A Guerra Civil Brasileira em Romance

O Arcabuz da Miséria foi um mendigo famoso. Fiz dele um mistério para que fosse desvendado com o Brasil. Em ficção (a minha), foi antes um nobre, tornou-se militar e, enlouquecido na guerra, um pária. Envolvi-o já na proposição da narrativa ao sugerir a evolução da história pela força do coração do homem. Ao compreenderem, Ignácio de Loyola Brandão e Deonísio da Silva afirmaram “que o leitor tem diante de si um escritor interessado em decifrar o Brasil, em narrar outra história”. Em simpósio cultural o primeiro declarou que “Arcabuzes” deveria causar impacto nacional.

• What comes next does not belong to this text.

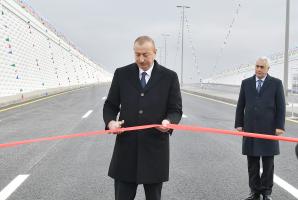 Ilham Aliyev inaugurated a highway tunnel in Pirshaghi settlement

Precederam a Grande Guerra Mundial de 1.914 as três mais importantes revoluções do mundo ocidental, em conseqüência da ascensão da burguesia: a francesa, a americana e a brasileira. Apenas esta ignorada, omitida em nosso próprio País. Seus marcos decisivos foram abolição e República Federativa. As características próprias e tantos episódios para se compreender precisavam ser reunidos em romance. Durante anos a reação das velhas estruturas semifeudais, monárquicas, constituiu-se numa contra-revolução e originou a guerra civil. Dividira-se a Nação, as classes urbanas pendendo para a proclamada República e seu governo; as do campo, anárquicas e contrárias. Revoltaram-se a Armada Imperial, facção abrasonada do Exército, oligarquias e caudilhos do antigo regime. Na Guanabara, nos mares e nos estados do Sul ocorreram memoráveis batalhas que não podem ser olvidadas. Para revelar o acontecimento deturpado pelos escribas interpretei-o e esclareci a Pátria. Assim o fiz. Era necessário mostrar o verdadeiro papel, até então encoberto, desempenhado no País por personagens reais, ficcionalizados ou não. Pude desvelar o poderoso sentimento humanista de brasilidade. Suscita o pensamento brasileiro em que procuro inovar conceitos como de crime e dolo. Pois o romance tinha de ser de realismo e de idéias. Tive de dividi-lo em dois momentos. No primeiro . vi como pessoa o homem, evidenciando suas relações primordiais. Distingui como um ciclo complementar o tropeirismo a semear e ligar povoações, antecedendo ou durante o ciclo do mate. Ao criar personagens e ficcionalizando os reais(l), ressaltei-os como fautores típicos dos sucessos. Tio Silva, por exemplo, é símbolo do Brasil. Vi plêiades generosas humanizando e conduzindo o mundo. Numa delas lá estava o Arcabuz da Miséria, Xandô, Estácio, Tio Silva, Bento, em meio a outros. Até o final da primeira parte, com a Proclamação e as reações conspiratórias, expus o “estado de espírito” que levaria “a guerra. No segundo momento, o objetivo foi dar predominância ao épico, exaltando o heróico, o verdadeiro, verberando o trágico, o desvario coletivo. Com a abundância de personagens em cena sobressai o coletivo, a concentração principal passar a ser no drama da Pátria. Não se confunda romance histórico com romance de época. Neste, a história é um desgastado pano de fundo; naquele o conteúdo é, por força da história, variável e muito mais rico, abrangente, dispensando o corriqueiro e as costumeiras expectativas ou cenas de erotismo.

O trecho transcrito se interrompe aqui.